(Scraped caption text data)

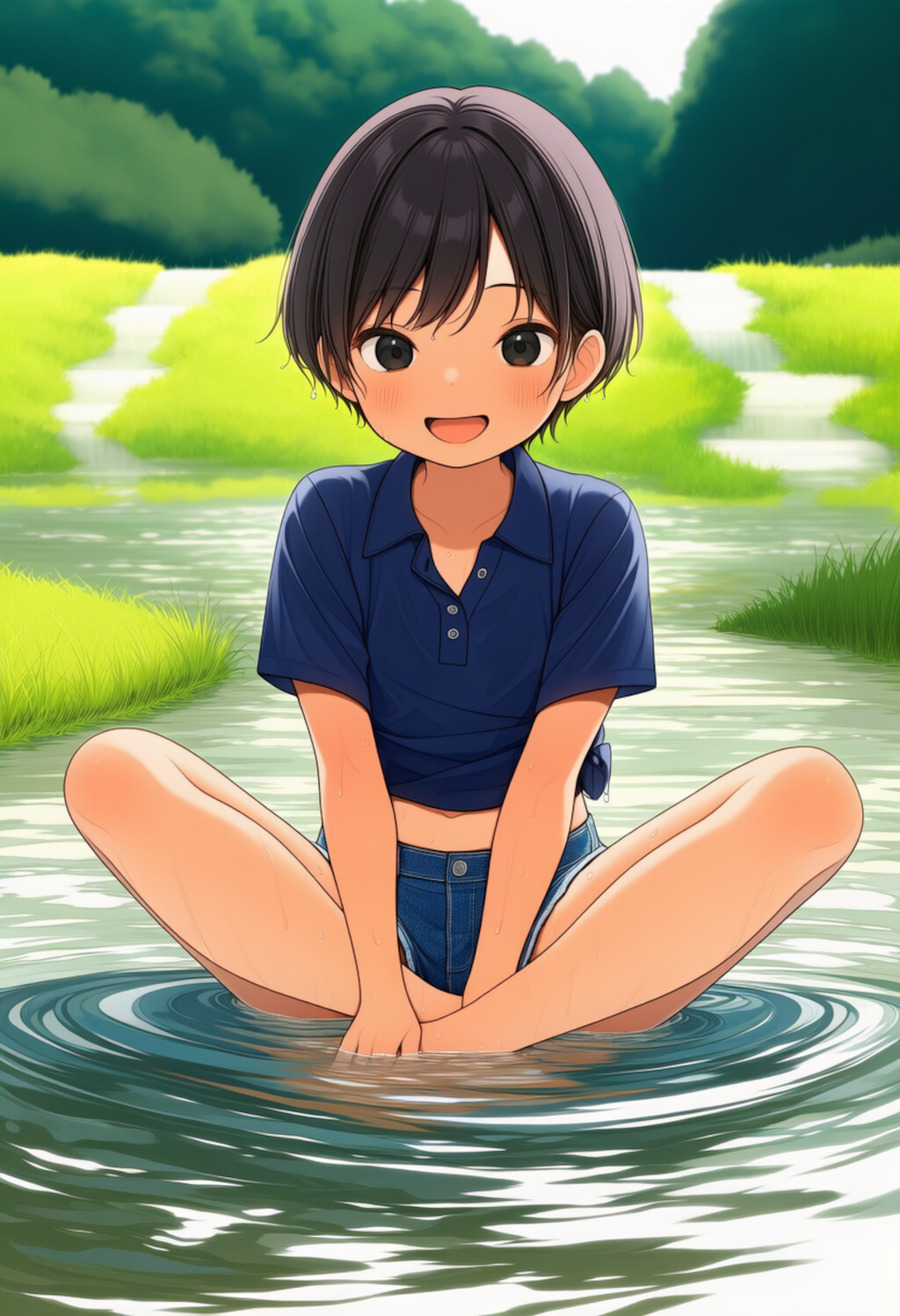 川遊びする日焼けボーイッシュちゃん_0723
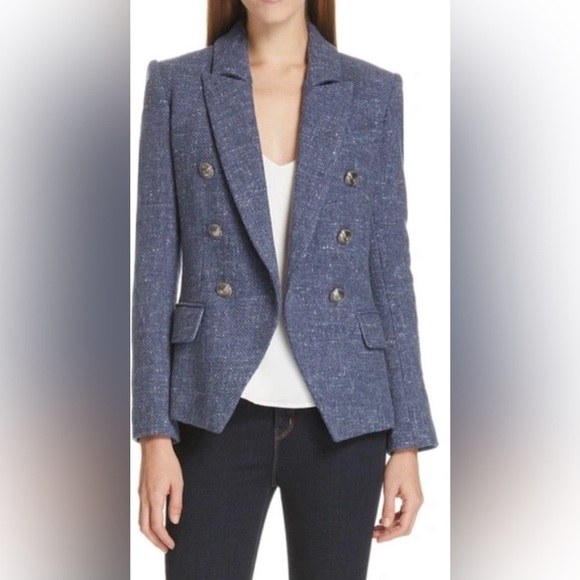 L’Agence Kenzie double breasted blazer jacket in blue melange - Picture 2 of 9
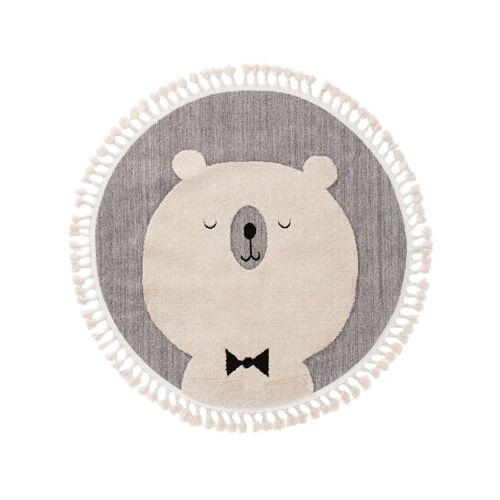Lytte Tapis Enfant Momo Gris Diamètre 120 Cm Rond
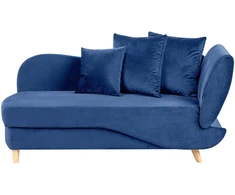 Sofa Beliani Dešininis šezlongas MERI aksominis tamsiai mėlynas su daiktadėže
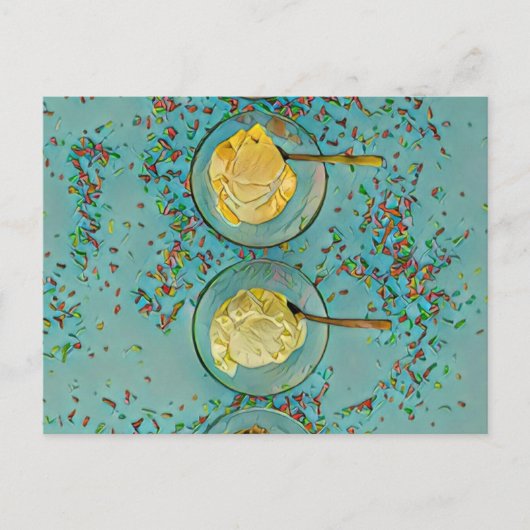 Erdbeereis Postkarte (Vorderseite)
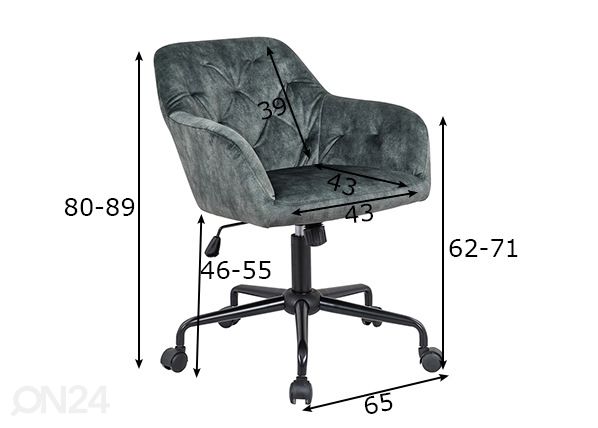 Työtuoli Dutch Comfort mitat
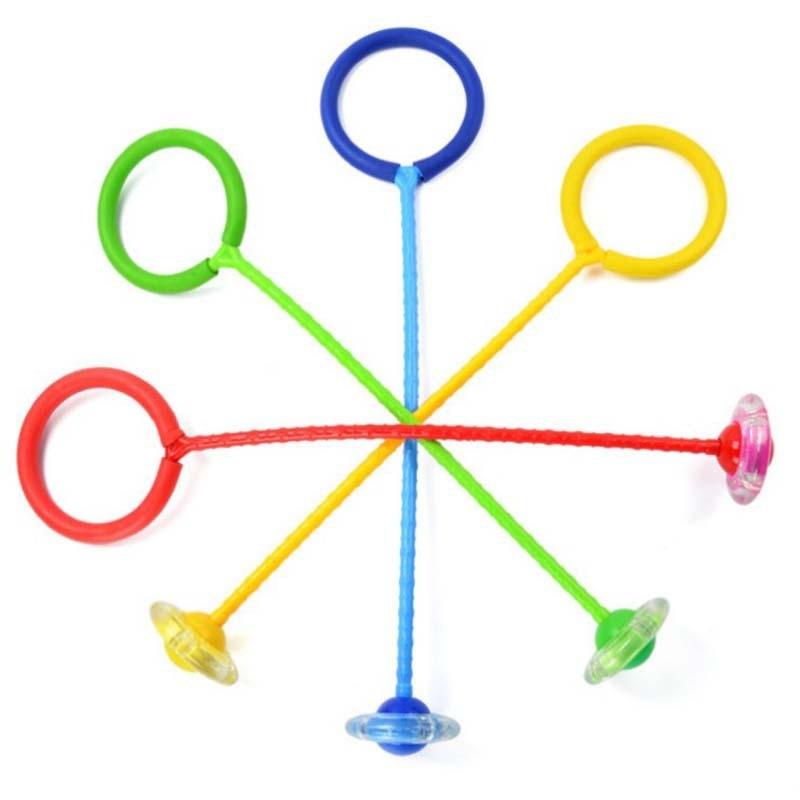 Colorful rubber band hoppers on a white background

What to do. The response must restate exactly the lines from the one containing "Työtuoli Dutch Comfort mitat" through the end of the records above and must leave out all pictures.

Result.
 Työtuoli Dutch Comfort mitat
 Colorful rubber band hoppers on a white background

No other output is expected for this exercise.